I write you, because I have a problem to show two equivalences. But before writing them down, I give you all the definitions we had as background:
(I) The Quadruple $(\Omega,\mathcal{A},\mu,T)$ is called dynamical system, if $(\Omega,\mathcal{A},\mu)$ is a probability space and $ T\colon\Omega\to\Omega$ a measurable Transformation with the property $\mu\circ T^{-1}=\mu$.
(II) A set $A\in\mathcal{A}$ is called $T$-invariant, if $T^{-1}(A)=A $ a.s. (i.e. $T^{-1}(A)\Delta A$ is a null set).
(III) The system $(\Omega,\mathcal{A},\mu,T)$ is called ergodic, if for all T-invariant sets $A\in\mathcal{A}$ it is $\mu(A)\in\left\{0,1\right\}$.
Now the exercise is to show that the following two statements (1) and (2) are equivalent.

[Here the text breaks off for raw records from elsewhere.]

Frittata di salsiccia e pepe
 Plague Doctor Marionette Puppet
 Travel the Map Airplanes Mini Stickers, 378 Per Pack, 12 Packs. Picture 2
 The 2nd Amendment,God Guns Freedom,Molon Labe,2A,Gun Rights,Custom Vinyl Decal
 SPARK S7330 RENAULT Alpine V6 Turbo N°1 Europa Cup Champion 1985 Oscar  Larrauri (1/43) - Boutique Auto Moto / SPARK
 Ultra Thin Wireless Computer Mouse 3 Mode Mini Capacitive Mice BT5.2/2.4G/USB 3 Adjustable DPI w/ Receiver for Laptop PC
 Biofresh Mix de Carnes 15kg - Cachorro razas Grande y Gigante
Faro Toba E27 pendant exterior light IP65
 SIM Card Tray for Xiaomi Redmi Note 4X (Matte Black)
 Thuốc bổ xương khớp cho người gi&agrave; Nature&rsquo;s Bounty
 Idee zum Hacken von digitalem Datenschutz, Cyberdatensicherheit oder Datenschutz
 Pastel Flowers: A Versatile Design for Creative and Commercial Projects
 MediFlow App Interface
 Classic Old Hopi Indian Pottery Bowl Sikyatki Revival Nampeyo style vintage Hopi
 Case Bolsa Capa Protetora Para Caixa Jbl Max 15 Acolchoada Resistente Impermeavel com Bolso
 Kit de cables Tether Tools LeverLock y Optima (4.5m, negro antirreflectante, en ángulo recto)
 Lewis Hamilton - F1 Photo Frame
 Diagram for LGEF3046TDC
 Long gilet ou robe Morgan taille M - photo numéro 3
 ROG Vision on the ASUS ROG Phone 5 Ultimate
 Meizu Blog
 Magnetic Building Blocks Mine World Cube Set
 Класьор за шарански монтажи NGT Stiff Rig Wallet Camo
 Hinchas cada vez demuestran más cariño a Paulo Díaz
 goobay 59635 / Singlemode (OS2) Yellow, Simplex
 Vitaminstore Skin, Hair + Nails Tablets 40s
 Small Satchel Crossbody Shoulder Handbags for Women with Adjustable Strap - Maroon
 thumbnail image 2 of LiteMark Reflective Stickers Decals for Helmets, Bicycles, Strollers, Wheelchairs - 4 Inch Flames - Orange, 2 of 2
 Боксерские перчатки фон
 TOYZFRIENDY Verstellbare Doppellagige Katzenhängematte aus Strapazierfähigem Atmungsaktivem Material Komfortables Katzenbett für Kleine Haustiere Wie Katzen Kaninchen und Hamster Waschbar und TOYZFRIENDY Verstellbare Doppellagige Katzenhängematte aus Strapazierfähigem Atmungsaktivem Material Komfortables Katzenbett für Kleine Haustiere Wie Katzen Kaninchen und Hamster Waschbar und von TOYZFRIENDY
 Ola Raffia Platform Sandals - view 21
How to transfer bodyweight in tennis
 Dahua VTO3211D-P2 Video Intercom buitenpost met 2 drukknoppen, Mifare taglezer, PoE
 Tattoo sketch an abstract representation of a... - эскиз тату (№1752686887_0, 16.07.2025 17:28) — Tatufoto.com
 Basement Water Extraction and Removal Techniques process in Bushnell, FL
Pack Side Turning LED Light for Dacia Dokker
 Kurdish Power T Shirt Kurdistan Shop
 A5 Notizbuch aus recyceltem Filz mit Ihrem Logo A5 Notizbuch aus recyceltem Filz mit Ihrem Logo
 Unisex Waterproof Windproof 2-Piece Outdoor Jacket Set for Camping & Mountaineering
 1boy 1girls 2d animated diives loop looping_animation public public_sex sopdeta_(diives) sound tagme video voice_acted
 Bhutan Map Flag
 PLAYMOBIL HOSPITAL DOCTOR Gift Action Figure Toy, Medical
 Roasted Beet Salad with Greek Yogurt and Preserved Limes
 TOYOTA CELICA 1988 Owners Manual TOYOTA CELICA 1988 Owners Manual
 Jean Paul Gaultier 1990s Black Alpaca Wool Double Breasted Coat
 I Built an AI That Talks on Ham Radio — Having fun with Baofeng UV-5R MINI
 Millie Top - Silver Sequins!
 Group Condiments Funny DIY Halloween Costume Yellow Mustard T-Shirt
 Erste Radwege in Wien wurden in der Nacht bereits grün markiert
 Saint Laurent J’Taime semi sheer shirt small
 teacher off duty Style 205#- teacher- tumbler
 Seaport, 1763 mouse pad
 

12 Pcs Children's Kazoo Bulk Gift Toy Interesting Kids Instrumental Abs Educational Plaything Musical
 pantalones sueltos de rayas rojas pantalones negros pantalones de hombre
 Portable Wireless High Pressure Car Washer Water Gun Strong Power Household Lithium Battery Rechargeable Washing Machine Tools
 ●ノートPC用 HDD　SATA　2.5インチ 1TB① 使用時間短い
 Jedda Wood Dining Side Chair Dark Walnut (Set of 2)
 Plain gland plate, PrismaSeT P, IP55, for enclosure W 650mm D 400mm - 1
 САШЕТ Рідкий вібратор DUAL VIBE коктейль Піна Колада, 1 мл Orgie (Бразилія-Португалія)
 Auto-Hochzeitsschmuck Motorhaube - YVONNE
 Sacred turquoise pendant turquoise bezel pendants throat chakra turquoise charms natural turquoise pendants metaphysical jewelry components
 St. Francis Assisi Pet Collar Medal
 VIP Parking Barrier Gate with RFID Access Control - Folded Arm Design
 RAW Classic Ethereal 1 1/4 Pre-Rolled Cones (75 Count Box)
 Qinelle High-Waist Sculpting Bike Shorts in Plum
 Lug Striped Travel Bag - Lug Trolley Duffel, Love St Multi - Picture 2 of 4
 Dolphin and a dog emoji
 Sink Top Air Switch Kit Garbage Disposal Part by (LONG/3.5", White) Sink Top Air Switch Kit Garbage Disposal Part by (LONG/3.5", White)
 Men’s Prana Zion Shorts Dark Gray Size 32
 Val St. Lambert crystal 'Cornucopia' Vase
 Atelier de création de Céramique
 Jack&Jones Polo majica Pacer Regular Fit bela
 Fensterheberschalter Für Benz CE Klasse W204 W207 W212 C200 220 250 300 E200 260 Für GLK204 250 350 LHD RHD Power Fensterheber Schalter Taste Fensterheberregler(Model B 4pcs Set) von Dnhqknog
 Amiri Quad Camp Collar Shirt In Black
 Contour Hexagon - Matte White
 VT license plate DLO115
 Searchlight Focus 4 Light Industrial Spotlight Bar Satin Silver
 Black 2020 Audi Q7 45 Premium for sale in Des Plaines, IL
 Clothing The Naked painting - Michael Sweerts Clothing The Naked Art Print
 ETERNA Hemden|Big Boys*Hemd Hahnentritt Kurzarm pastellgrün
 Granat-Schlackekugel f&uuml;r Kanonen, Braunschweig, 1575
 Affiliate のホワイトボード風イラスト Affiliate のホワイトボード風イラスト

(1) $(\Omega,\mathcal{A},\mu,T)$ is ergodic
(2) $\forall B\in\mathcal{A}: T^{-1}B\subset B\implies \mu(B)\in\left\{0,1\right\}$
I think I managed it to prove $(1)\implies (2)$:
Consider any $B\in\mathcal{A}$ with $T^{-1}B\subset B$. It is $\mu(T^{-1}B)=\mu(B)$. Because of $T^{-1}B\subset B$ it is $T^{-1}B\Delta B=B\setminus T^{-1}(B)$. And because $\mu(T^{-1}(B))=\mu(B)<\infty$ it is $$ \mu(T^{-1}B\Delta B)=\mu(B\setminus T^{-1}B)=\mu(B)-\mu(T^{-1}B)=\mu(B)-\mu(B)=0. $$ From this it follows that $B$ is $T$-invariant and so because of the ergodicity it is $\mu(B)\in\left\{0,1\right\}$.
I think, that should be right?
But I am not able to prove $(2)\implies (1)$. I've tried very long time and now I cannot have a clear thought about it. So I would be very thankful if anybody could tell me how to prove that. I am perplexed...
Your reasoning is correct. For the part $(2)\Rightarrow (1)$, notice that if $\mu(A\Delta T^{-1}(A))=0$, then there is $A'$ invariant and $N$ of measure $0$ such that $A=A'\cup N$.